▸ **Exercise requirements**:
Out of the material that follows, write out exactly the lines from the line with "Meadow Mantra - Pink" to the line with "Women Gold Metal", both ends included, and no others.

------------------------

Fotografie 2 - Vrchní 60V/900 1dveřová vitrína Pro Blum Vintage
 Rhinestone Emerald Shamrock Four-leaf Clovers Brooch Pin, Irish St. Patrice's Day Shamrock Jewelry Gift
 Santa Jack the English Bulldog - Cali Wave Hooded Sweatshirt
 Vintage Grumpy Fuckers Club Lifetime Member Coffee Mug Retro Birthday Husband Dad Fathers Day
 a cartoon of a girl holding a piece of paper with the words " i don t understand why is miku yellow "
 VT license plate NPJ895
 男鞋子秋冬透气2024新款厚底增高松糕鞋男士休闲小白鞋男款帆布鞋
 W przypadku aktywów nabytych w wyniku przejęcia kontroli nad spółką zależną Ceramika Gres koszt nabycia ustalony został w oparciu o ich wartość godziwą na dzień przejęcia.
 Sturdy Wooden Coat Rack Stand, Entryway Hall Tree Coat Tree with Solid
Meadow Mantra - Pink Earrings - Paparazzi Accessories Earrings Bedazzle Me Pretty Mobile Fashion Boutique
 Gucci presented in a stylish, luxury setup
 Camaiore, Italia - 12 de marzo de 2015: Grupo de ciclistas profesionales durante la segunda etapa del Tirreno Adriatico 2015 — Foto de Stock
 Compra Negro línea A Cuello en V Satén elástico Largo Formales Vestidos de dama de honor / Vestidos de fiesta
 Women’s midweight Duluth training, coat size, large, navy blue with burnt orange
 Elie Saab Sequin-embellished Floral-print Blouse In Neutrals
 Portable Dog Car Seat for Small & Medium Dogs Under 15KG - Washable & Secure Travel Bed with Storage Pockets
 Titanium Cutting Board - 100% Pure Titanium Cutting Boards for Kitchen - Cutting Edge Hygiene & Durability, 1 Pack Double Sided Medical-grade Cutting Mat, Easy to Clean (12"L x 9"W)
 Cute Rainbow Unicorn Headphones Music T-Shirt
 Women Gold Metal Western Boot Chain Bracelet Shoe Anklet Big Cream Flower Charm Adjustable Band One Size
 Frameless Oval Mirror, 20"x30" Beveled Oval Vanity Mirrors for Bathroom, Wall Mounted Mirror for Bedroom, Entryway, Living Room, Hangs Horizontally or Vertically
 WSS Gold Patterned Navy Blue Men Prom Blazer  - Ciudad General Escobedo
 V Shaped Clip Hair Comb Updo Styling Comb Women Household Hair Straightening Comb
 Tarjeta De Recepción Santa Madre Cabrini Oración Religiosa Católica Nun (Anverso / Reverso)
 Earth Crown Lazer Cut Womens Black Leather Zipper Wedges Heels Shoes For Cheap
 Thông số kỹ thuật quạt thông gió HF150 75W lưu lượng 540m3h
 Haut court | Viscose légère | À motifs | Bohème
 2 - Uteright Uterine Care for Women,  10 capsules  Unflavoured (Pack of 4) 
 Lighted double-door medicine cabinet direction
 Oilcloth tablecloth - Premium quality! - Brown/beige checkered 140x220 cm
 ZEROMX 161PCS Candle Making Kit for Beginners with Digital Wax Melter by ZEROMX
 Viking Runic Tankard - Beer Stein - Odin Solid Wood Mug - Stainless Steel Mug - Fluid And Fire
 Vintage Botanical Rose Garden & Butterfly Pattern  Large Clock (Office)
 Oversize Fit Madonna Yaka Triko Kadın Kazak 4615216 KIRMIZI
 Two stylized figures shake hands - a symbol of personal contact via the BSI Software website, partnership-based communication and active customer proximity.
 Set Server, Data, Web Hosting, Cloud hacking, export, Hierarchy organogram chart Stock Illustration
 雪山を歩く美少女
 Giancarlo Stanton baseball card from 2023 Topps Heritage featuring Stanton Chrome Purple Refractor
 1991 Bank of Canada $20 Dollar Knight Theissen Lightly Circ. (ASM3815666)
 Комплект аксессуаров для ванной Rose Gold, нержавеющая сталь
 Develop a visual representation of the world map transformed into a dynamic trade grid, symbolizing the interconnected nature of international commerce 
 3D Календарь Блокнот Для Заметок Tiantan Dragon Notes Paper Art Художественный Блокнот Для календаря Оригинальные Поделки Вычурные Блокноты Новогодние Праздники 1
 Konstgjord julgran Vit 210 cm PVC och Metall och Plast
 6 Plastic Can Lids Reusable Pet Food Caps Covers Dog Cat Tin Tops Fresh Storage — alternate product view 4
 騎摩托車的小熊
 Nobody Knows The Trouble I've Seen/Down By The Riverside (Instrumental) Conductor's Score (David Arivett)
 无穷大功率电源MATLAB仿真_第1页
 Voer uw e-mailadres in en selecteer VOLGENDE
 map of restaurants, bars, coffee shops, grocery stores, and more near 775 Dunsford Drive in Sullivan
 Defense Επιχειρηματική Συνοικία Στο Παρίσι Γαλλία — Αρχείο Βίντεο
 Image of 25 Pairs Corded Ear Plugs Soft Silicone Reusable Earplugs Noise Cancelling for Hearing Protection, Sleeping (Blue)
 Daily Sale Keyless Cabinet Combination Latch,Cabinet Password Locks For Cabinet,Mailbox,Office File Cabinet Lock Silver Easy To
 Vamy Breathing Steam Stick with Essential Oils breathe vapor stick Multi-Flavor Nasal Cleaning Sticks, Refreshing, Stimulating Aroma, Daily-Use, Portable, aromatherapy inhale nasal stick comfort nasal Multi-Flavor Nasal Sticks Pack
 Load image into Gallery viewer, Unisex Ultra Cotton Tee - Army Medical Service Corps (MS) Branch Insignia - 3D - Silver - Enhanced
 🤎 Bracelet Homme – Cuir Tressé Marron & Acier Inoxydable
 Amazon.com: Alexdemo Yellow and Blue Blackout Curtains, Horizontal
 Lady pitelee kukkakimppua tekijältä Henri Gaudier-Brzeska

------------------------

▸ **Exercise output**:
Meadow Mantra - Pink Earrings - Paparazzi Accessories Earrings Bedazzle Me Pretty Mobile Fashion Boutique
 Gucci presented in a stylish, luxury setup
 Camaiore, Italia - 12 de marzo de 2015: Grupo de ciclistas profesionales durante la segunda etapa del Tirreno Adriatico 2015 — Foto de Stock
 Compra Negro línea A Cuello en V Satén elástico Largo Formales Vestidos de dama de honor / Vestidos de fiesta
 Women’s midweight Duluth training, coat size, large, navy blue with burnt orange
 Elie Saab Sequin-embellished Floral-print Blouse In Neutrals
 Portable Dog Car Seat for Small & Medium Dogs Under 15KG - Washable & Secure Travel Bed with Storage Pockets
 Titanium Cutting Board - 100% Pure Titanium Cutting Boards for Kitchen - Cutting Edge Hygiene & Durability, 1 Pack Double Sided Medical-grade Cutting Mat, Easy to Clean (12"L x 9"W)
 Cute Rainbow Unicorn Headphones Music T-Shirt
 Women Gold Metal Western Boot Chain Bracelet Shoe Anklet Big Cream Flower Charm Adjustable Band One Size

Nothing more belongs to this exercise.